Nelle sale “Rams”, perla cinematografica sul mondo dei pastori

 L'interesse del cinema per il mondo pastorale si riconferma anche quest'anno con quella che sembra una vera e propria perla: "Rams" (sottotitolo: "Storia di due fratelli e otto pecore"), diretto dall'islandese Grímur Hákonarson ed accolto dalla critica internazionale come un piccolo gioiello, recente vincitore del premio "Un Certain Regard" al Festival di Cannes e in arrivo nelle nostre sale cinematografiche (le prime proiezioni, giovedì 12 scorso) in questi giorni.

"Rams", che in lingua anglosassone significa "montoni", è la storia di Kiddiley e di suo fratello Gummi, entrambi pastori, e del loro piccolo gregge di pecore in via di estinzione. È una storia di una pastorizia tanto diversa da altre pastorizie (pensiamo a quella mediterranea) e al tempo stesso tanto simile ad esse: una realtà estrema – per il clima, per i territori e per gli umani limiti dei due pastori – in cui il concetto di reciprocità è elevato all'ennesima potenza. Una storia in cui l'animale davvero non può fare a meno dell'uomo e l'uomo non può fare a meno dell'animale.
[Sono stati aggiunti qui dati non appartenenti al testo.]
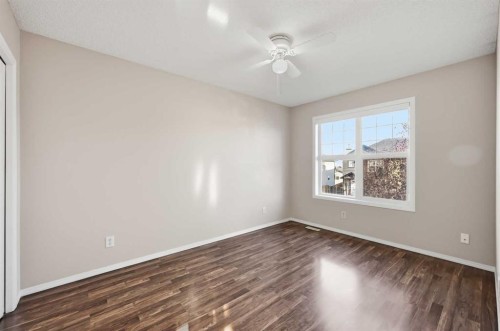 33 Saddlebrook Common Ne, Calgary, AB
Il rapporto tra i due fratelli è ai minimi termini da alcuni decenni, ma qualcosa – o molto – cambierà nel momento in cui gli animali saranno messi in pericolo dall'intervento delle guardie sanitarie, chiamate ad abbattere le pecore a causa di una gravissima zoonosi. Di fronte a questa emergenza i due, reagendo ognuno secondo il proprio carattere, si ritroveranno di nuovo uniti grazie al loro attaccamento per quegli animali.

Al di là della storia e del racconto, di per sé buoni motivi per andare a vedere il film, è il paesaggio islandese a rappresentare il valore aggiunto dell'opera. Un merito che va ascritto alla formazione di Hákonarson, raffinato documentarista e in grado come pochi di raccontare la sua Islanda.